=== Recorded information ===
# # #

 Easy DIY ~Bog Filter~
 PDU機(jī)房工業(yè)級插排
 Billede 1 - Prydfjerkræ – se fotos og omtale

# # #

Only the lines from the one holding "PDU機(jī)房工業(yè)級插排" through the end of the listing should appear in the response, each restated exactly.

=== Answer space ===
 PDU機(jī)房工業(yè)級插排
 Billede 1 - Prydfjerkræ – se fotos og omtale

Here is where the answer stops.